Newcomers from European Economic Area countries have been found to be the biggest asset to the country, paying roughly 34 percent more in taxes than they obtained from the British government in social benefits between 2001 and 2011.

Recent immigrants (those who arrived after 1999 and who constituted 33 percent of the overall immigrant population in the UK in 2011) were 45 percent less likely to receive state benefits or tax credits than UK-born residents over the decade, UCL found.

Additionally, they paid 4 percent more to the UK government than they received, according to the study.

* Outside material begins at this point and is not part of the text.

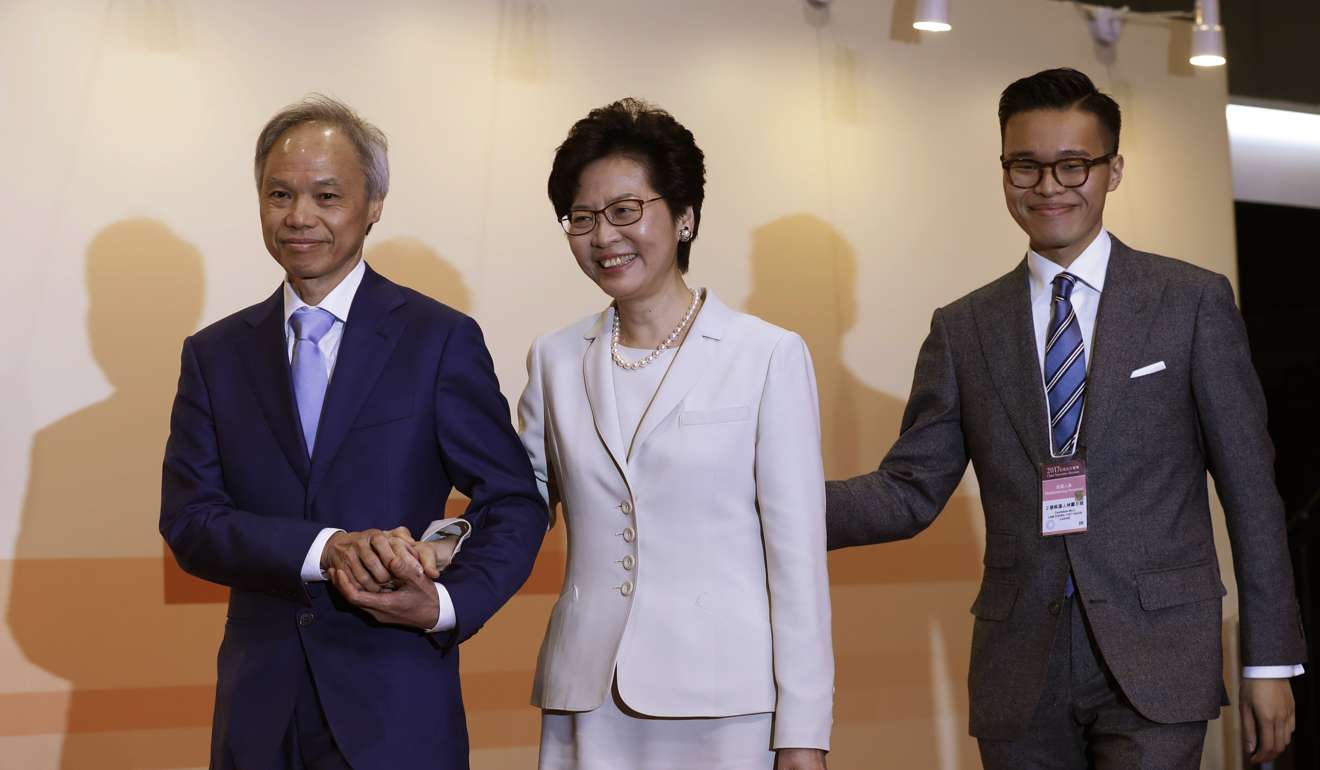 Carrie Lam, her husband Lam Siu-por and son Jeremy Lam arrive for a press conference after she won 777 Election Committee votes to become the next chief executive of Hong Kong, on March 26. Photo: AP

The figure for Brits themselves stood at 7 percent.

The paper examined data on public spending and tax receipts, while also utilizing statistics from the UK government’s Labour Force Survey, which is based on information from some 150,000 families.

“Our research shows that in contrast with most other European countries, the UK attracts highly educated and skilled immigrants from within the EEA as well as from outside,” said Professor Christian Dustmann, director of CReAM, who co-authored the study with Dr Tommaso Frattini.

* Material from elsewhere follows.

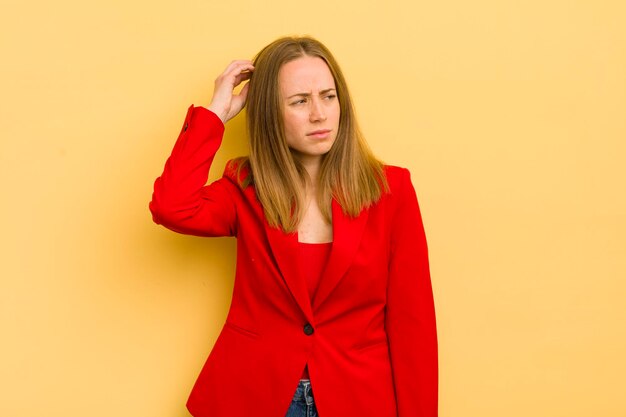 Pretty blonde woman feeling puzzled and confused scratching head businesswoman concept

“What’s more, immigrants who arrived since 2000 have made a very sizeable net fiscal contribution and therefore helped to reduce the fiscal burden on UK-born workers,”
he said.

Non-EEA immigrants received $160bn in benefits

However, the study also found that going back to 1995, non-EEA immigrants arriving between then and 2011 received more benefits than they had paid in taxes, the main reason being that they had had more children than people living in Britain.

Calculations showed that they received £100 billion more in benefits and services than they paid in taxes.

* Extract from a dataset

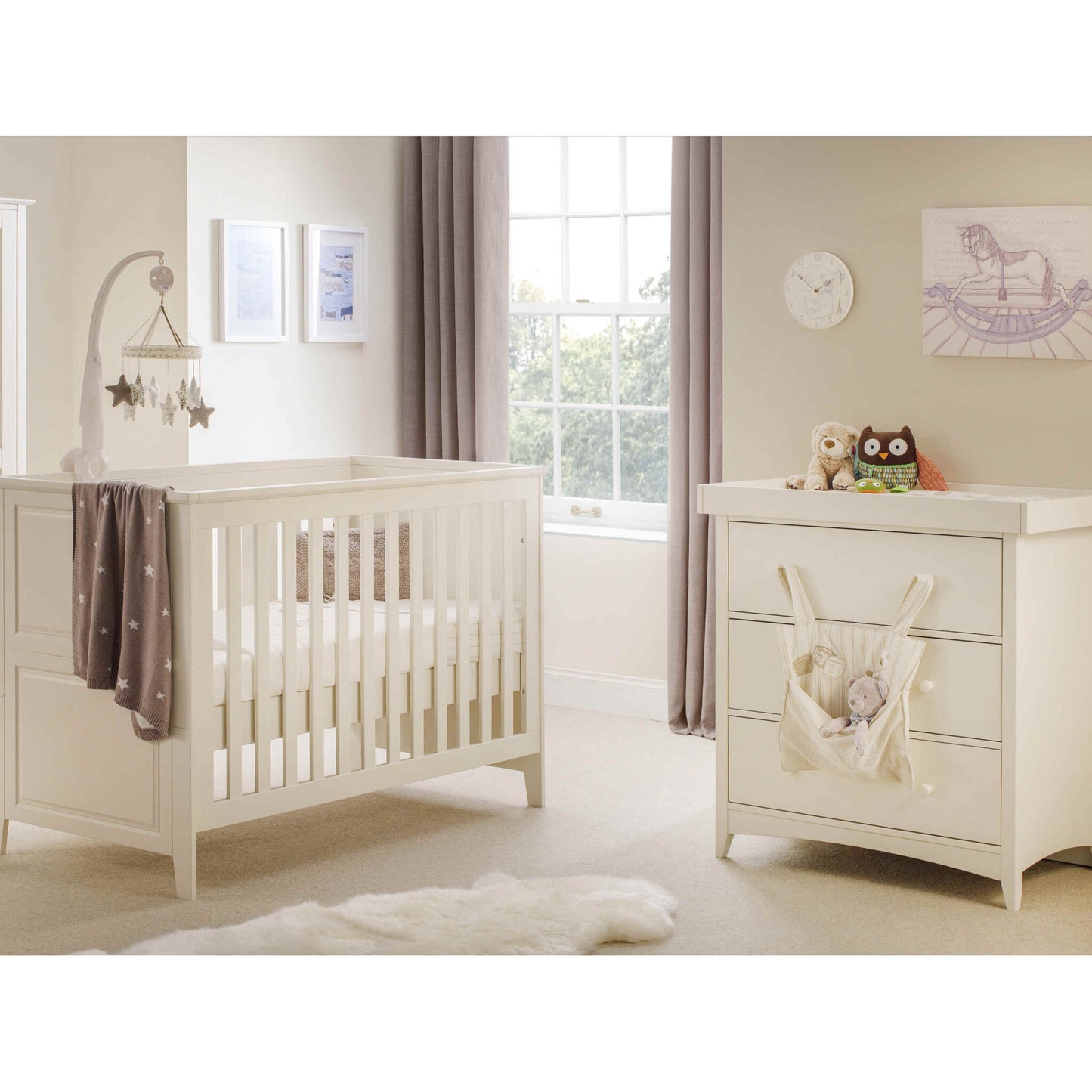 The Cameo Cotbed and matching Changing Station finished in stone white, displayed in a cream nursery room with fluffy toys.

“We've had roughly four million immigrants under the previous government – two-thirds of those were from outside the European Union,” said Sir Andrew Green, of the pressure group Migration Watch, telling BBC Radio 4's Today program that the report had “been spun.”

Migration Watch later tweeted that the study “underestimates costs as [it] fails to recognise capital costs involved in expanding infrastructure due to migration/pop growth.”

Governmental targets ‘not a useful tool’

UCL’s second study found that the UK governmental target to cut net migration to the UK to less than 100,000 by 2015 is neither “a useful tool nor a measure of policy effectiveness,” according to the study’s authors, Professor John Salt and Dr Janet Dobson.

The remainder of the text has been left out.